Tu as bien décodé le sens de ma réflexion : « La réglementation en place (celle qui fait office de «protection») est-elle adéquate ? Atteint-elle les objectifs pour lesquels elle a été mise en place ? » Je pense aussi que certains objectifs doivent être questionnés et que de nouveaux doivent aussi être pris en compte. Doit-il subsister autant de règlementation, de protection ?
Quand tu dis que « ce ne sont pas les éditeurs qui définissent les règles du jeu [que] c’est l’État… », je me pose de sérieuses questions sur les pressions qui entourent la définition des règles de « ce jeu ». Beaucoup trop de zones d’ombre…
À ce moment-ci, tu sais bien que je contribue à apporter ce genre de préoccupations à la CAQ et je ne suis pas le seul à m’intéresser à ces questions à la Coalition.
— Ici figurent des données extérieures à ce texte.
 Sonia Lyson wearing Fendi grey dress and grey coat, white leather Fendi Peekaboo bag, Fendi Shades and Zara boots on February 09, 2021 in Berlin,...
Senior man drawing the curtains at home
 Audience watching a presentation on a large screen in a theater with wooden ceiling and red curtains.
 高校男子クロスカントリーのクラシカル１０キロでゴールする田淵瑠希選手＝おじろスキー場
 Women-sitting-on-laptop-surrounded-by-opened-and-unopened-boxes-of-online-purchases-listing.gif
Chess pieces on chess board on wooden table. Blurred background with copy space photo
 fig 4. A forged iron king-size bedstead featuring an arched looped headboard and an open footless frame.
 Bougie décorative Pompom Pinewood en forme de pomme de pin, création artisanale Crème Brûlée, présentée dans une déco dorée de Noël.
C’est très bien ainsi…
Mise à jour du lendemain : Clément continue sa réflexion d’hier dans un autre billet où il explique davantage le fonctionnement de l’édition scolaire au Québec et les limites, dans ce contexte, de ce qui a été proposé par Apple cette semaine…
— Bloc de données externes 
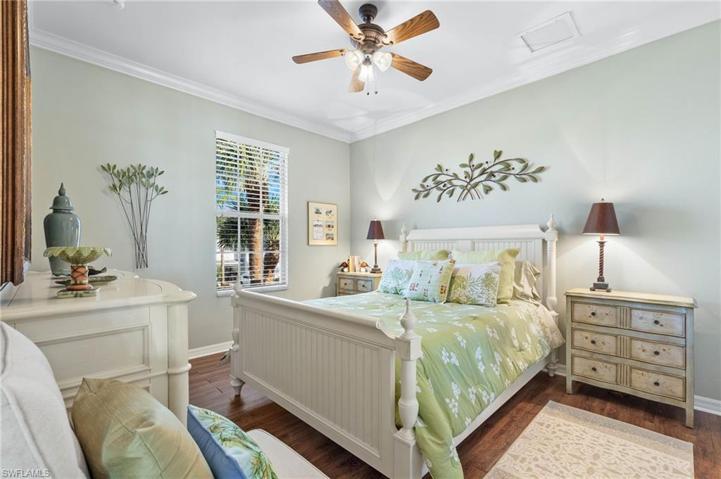 A spacious guest bedroom with a 8' x 5' walk-in closet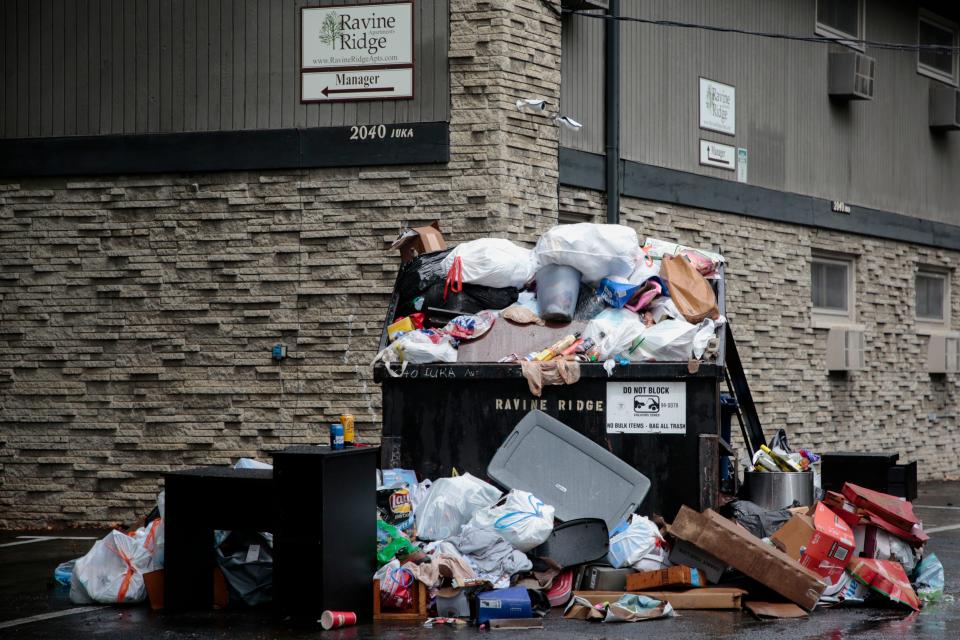 Trash overflows a dumpster near an apartment complex in the University District in 2018. Trash had historically piled up around off-campus housing as students' leases have expired, so the city, University District Organization and university have all worked together to reduce waste and bulk trash.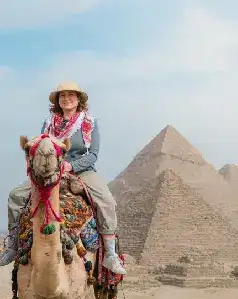 Woman riding a camel in front of the Great Pyramid of Giza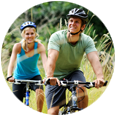 A man and woman riding bikes through the grass.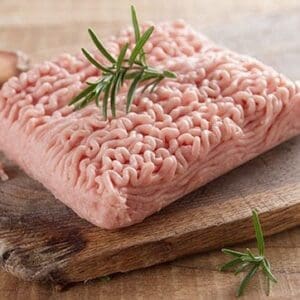 Ground turkey on a wooden board with rosemary and garlic in view.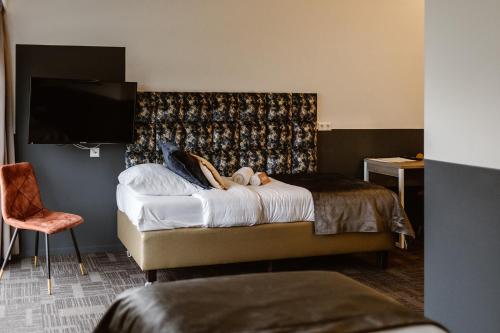 a hotel room with a bed and a flat screen tv at Hotel Torpedoloods in Hoek van Holland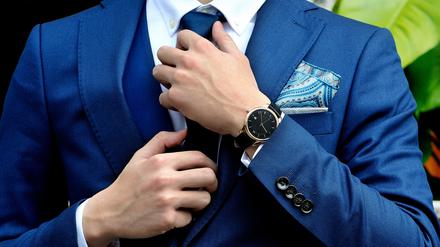 Ein Man im blauen Anzug und Einstecktuch rückt sich den Krawattenknoten zurecht.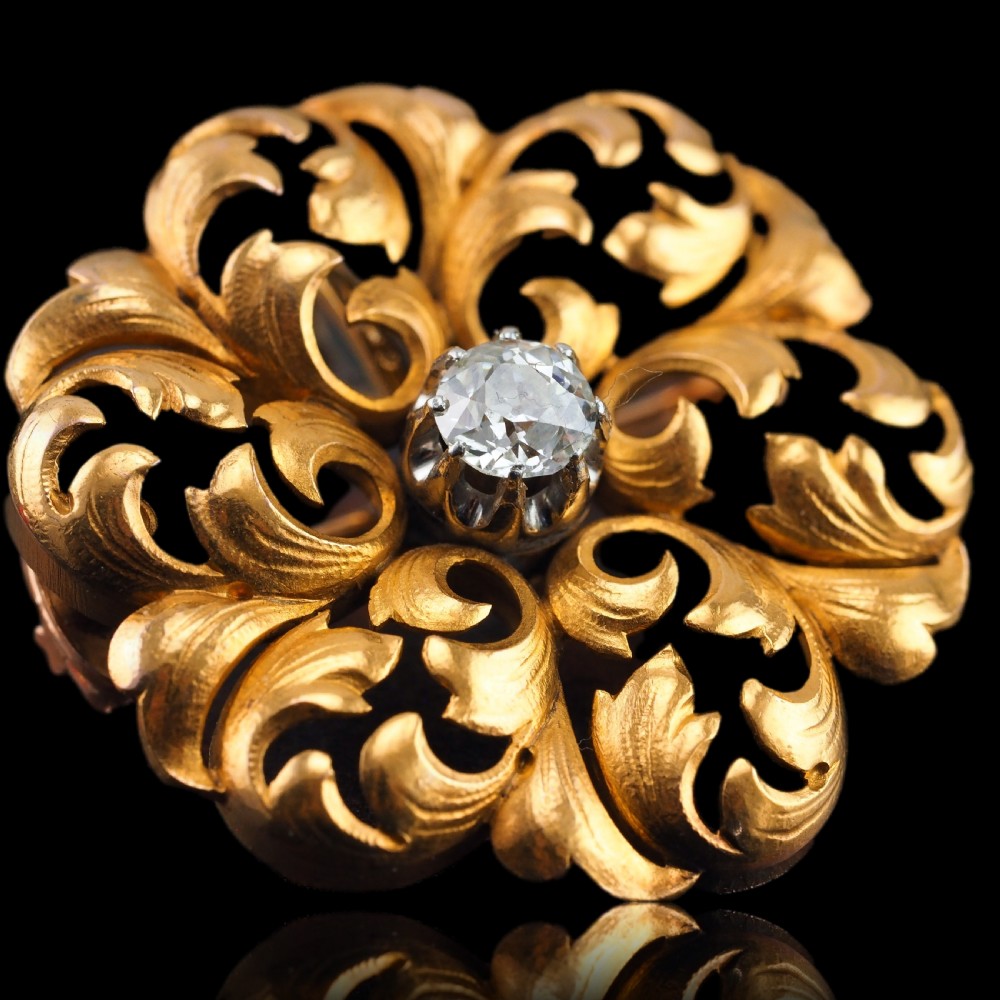 An 18ct yellow gold Victorian pendant brooch with openwork acanthus leaf scrollwork and a central round diamond. View V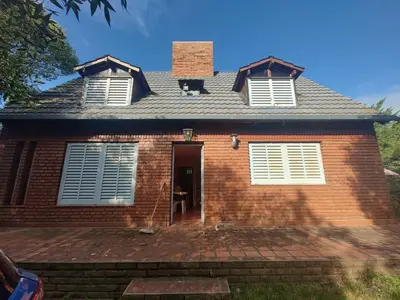 a brick house with two windows and a door at Chalet Noemí in Villa Ciudad de America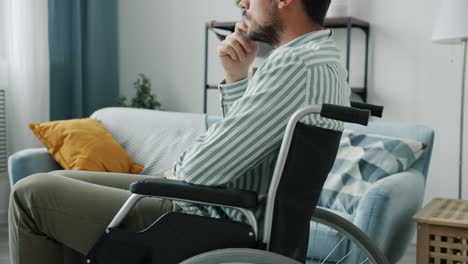 man in wheelchair thinking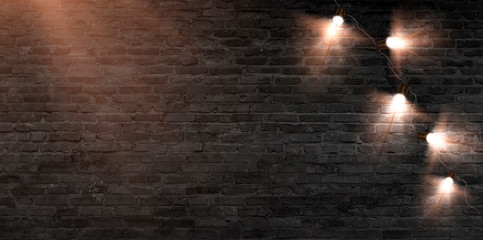 Brick wall with a garland of lanterns. Brick wall background, festive look.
Mario, il y a méprise : tu parles d’édition scolaire, je parle d’édition générale. À part le mot, les deux activités n’ont pas grand chose en commun. Oui, le numérique peine encore à pénétrer de façon intelligente les écoles. Après un élève un manuel, maintenant c’est une classe un tableau blanc interactif. Où est l’enseignant là-dedans ? J’ai bien hâte que mon gars rentre à PROTIC l’année prochaine pour voir ce qu’est une utilisation intelligente des technologies.
Comme les annonces de Apple mettent l’accent sur le scolaire, bien-sûr, c’est en premier l’angle du scolaire qui me fait réagir. Vrai que les deux activités (l’édition en général et l’édition scolaire) évoluent dans des mondes qui comportent plusieurs différences…
J’aime bien ton analogie « classe / TBI », et je suis d’accord avec toi pour questionner « le progrès » qui pourrait être fait à partir ce cette vision qui valorise la démonstration. Un tableau, qu’il soit blanc ou vert, ça risque de favoriser le même type d’approche.
Tu devrais beaucoup aimer PROTIC qui ne se contente pas d’avoir fait entrer la technologie dans les classes, mais qui les utilise comme des outils-leviers pour favoriser les apprentissages de chacun sur la base que ce n’est pas tout le monde qui apprend les mêmes choses en même temps et au même rythme.